REVIEW: Jason Bateman Comes Into His Own in The Switch
Despite the movie's ad campaign, The Switch isn't Jennifer Aniston's movie, and even she seems to know it. This picture belongs to Jason Bateman, who, after years of playing the second or third banana (and plenty of times being the best thing in a given film), finally gets to show off his considerable gifts as the co-lead in a mainstream comedy. To watch him in The Switch, standing at the stove making pancakes (a lice-proof plastic shower cap pulled over his hair -- don't ask), or bringing the grace of a Gene Kelly routine to a bit in which, hung over, he barfs into an office waste-can, is to see a particular kind of comic intuition at work. For Bateman, there's no distinction to be made between high and low comedy -- he brings neurotic elegance to everything he does.
Bateman plays an overanxious, complicated, sometimes downright annoying New Yorker whose best friend, the 40-ish Kassie (Aniston), has decided to have a baby on her own. Wally and Kassie dated briefly, an episode that happened so long ago it may as well have been part of a previous life. Now they're just extremely close: Kassie tolerates Wally's bizarre habits (like making strange, humming orgasmic sounds while he's enjoying his food); and he provides her with unconditional love and support. Though he's never been able to hang onto a girlfriend for very long, he's more devoted to her than some spouses would be.

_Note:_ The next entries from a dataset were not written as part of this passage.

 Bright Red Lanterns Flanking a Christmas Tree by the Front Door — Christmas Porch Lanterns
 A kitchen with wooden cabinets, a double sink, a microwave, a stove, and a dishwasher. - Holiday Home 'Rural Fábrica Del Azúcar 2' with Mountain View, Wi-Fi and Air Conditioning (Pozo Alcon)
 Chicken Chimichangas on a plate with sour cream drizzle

So Wally finds himself mildly jealous when Kassie locates a superb male specimen sperm donor (played by a chiseled-from-plastic Patrick Wilson; his character is an adjunct professor at Columbia, and his specialty is "the feminist literary tradition"). One night, his judgment impaired by a potent pill-and-alcohol cocktail, Wally swaps his own sperm for that of the sensitive hunk. (A New York Magazine cover photo of Diane Sawyer proves to be the inspiration for the task at hand.) Then he blacks out and promptly forgets what happened. Kassie becomes pregnant, moves away, and returns to New York seven years later with an overanxious, complicated and sometimes very annoying little boy in tow.

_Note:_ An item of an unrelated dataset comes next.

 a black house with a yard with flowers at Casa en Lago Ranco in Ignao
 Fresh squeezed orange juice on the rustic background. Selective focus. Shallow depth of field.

The Switch is ostensibly aimed at women, who are historically sensitive to the loud tick-tocking of the biological clock. But the sneaky surprise of movie -- which was directed by Josh Gordon and Will Speck (Blades of Glory) and adapted, by Allan Loeb, from a story by Jeffrey Eugenides -- is that it focuses more intently on the guy's point of view: What happens when a man who never set out to become a father realizes, six years after the fact, that he's inadvertently helped create a mini-me? That's got to mess with a guy's head.